▶ _Stored data_:
-=-=-=-=-

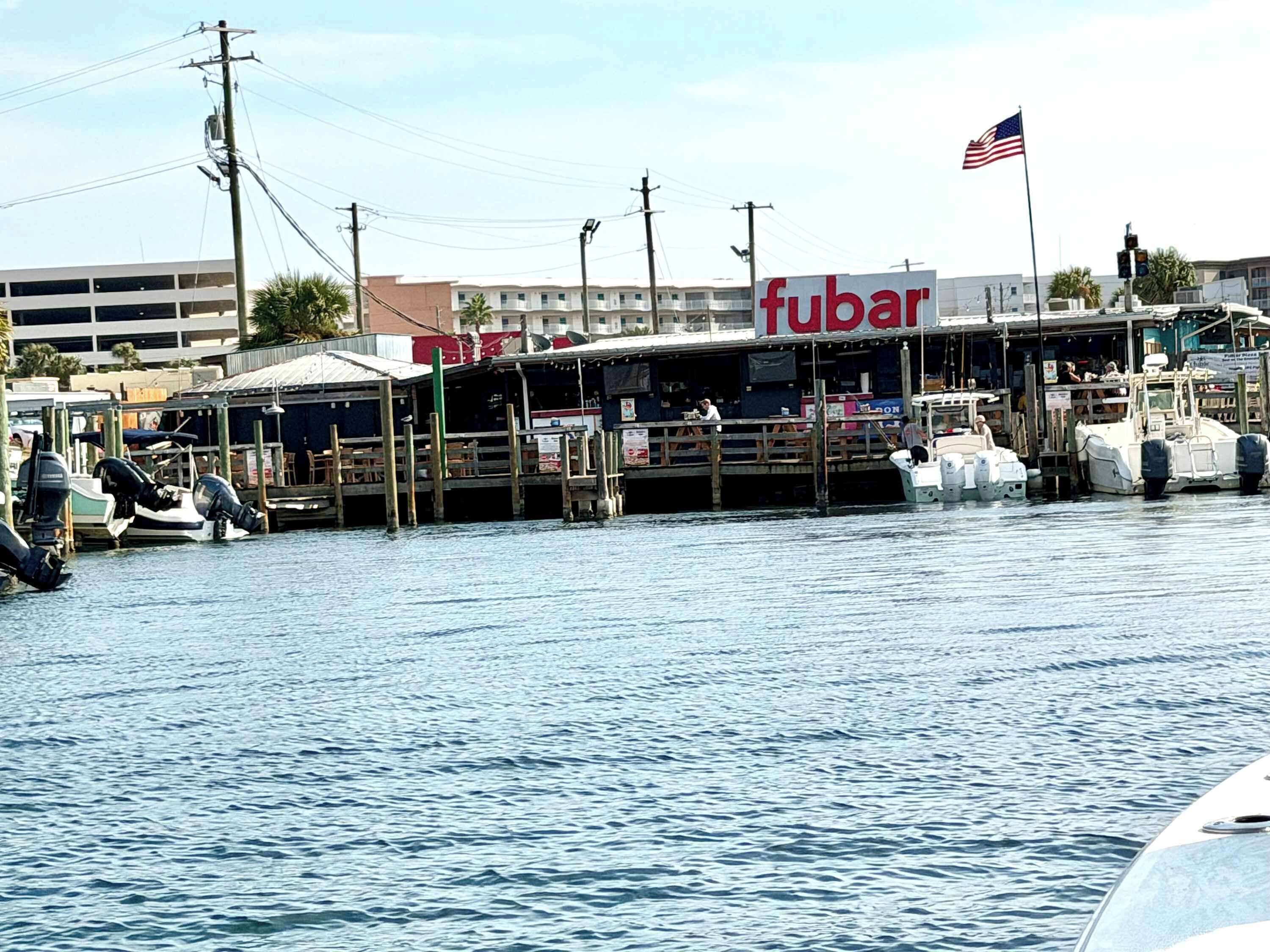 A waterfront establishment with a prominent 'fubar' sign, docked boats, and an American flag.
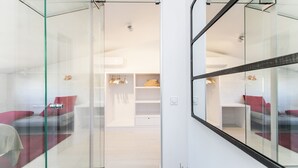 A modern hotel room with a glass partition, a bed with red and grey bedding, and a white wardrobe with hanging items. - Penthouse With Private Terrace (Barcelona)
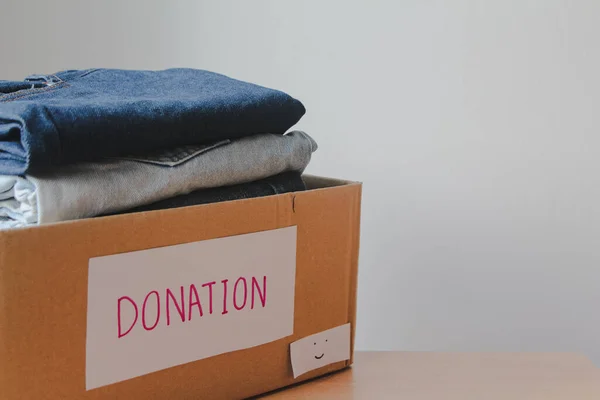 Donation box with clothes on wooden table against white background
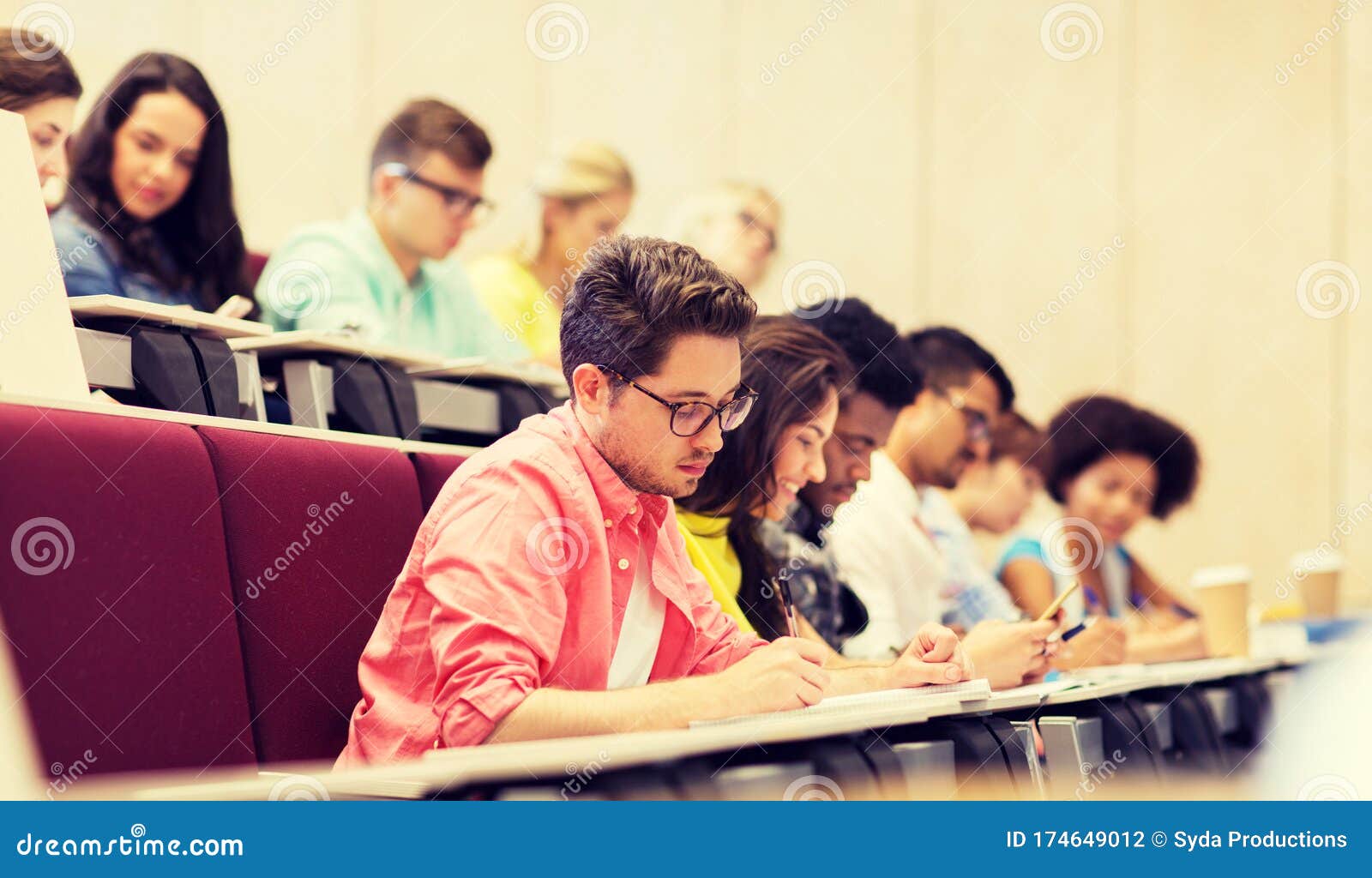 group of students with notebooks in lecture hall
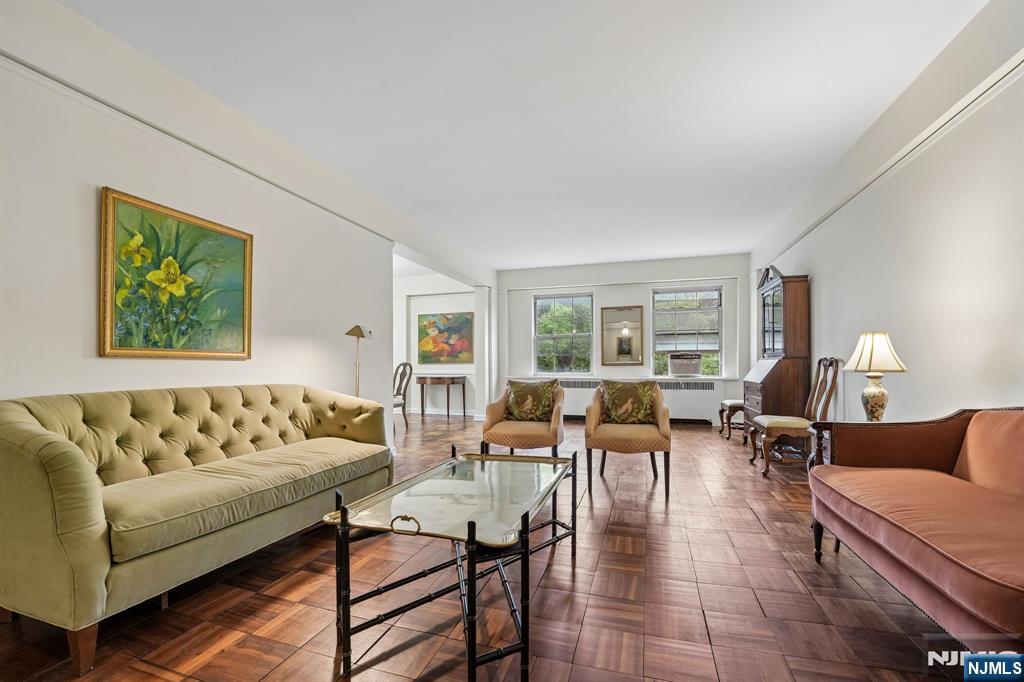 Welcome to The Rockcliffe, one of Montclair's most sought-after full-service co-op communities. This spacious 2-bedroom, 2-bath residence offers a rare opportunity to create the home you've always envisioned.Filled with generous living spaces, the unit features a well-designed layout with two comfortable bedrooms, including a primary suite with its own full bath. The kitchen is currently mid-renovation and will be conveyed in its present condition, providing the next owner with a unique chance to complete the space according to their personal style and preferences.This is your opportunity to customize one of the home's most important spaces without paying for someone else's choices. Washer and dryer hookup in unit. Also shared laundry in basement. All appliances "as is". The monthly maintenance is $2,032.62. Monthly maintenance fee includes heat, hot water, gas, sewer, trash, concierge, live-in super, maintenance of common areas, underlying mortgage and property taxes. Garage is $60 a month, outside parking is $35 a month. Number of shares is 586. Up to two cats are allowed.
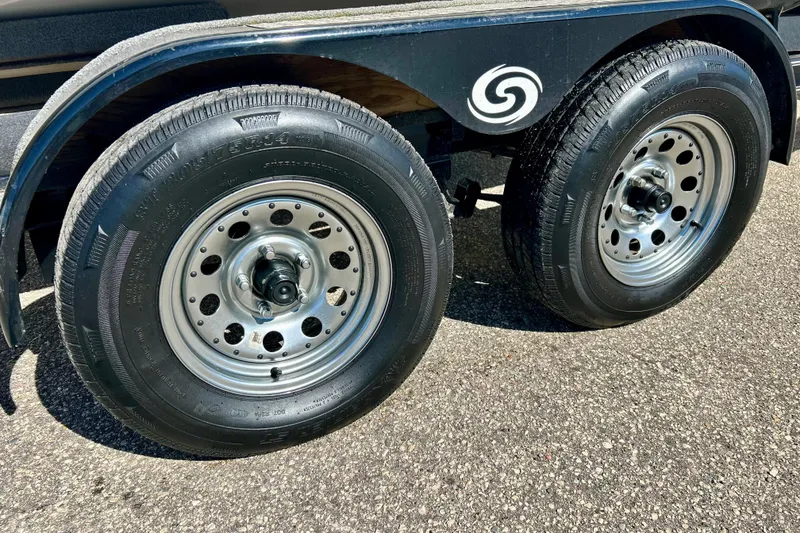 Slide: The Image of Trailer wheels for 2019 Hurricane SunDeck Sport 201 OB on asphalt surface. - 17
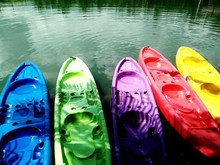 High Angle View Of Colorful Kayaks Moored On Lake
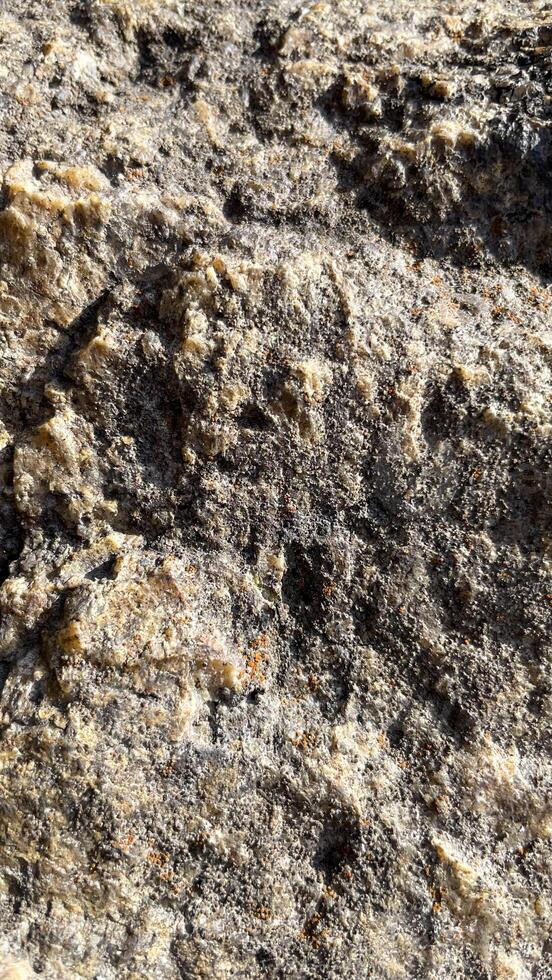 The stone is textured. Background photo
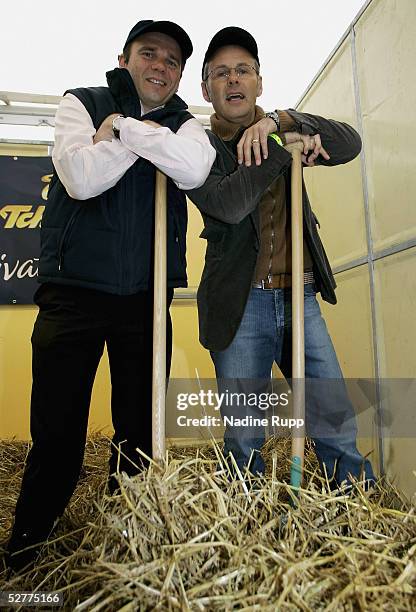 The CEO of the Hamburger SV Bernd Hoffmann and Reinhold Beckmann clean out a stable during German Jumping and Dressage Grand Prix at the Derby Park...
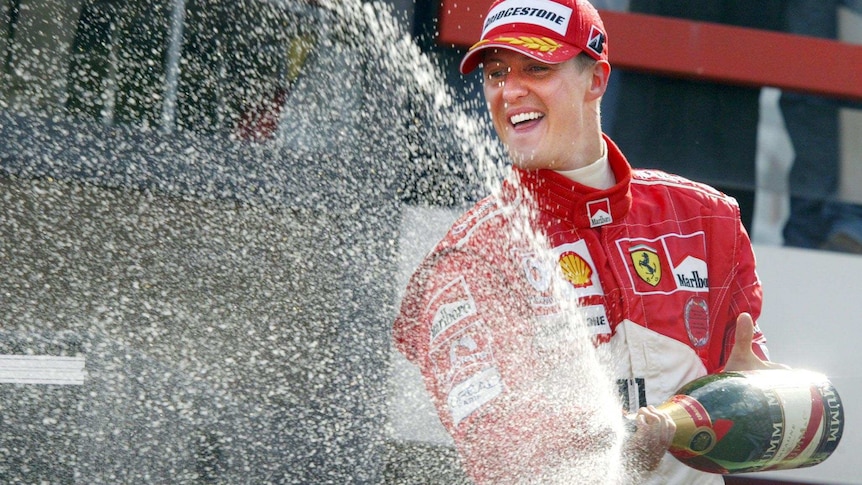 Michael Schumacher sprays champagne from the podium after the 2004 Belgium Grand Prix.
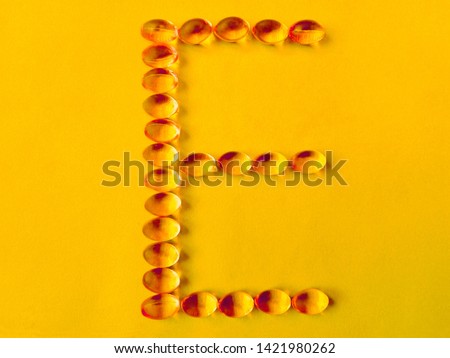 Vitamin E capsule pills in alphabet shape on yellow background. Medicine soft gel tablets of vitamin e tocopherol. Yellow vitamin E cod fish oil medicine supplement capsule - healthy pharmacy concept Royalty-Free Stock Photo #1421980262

-=-=-=-=-

▶ _Task to carry out_:
Each line from the one containing "The CEO of the" through the last line of the data should be written out exactly. Skip the pictures, and add no other lines.

▶ _Written solution_:
 The CEO of the Hamburger SV Bernd Hoffmann and Reinhold Beckmann clean out a stable during German Jumping and Dressage Grand Prix at the Derby Park...
 Michael Schumacher sprays champagne from the podium after the 2004 Belgium Grand Prix.
 Vitamin E capsule pills in alphabet shape on yellow background. Medicine soft gel tablets of vitamin e tocopherol. Yellow vitamin E cod fish oil medicine supplement capsule - healthy pharmacy concept Royalty-Free Stock Photo #1421980262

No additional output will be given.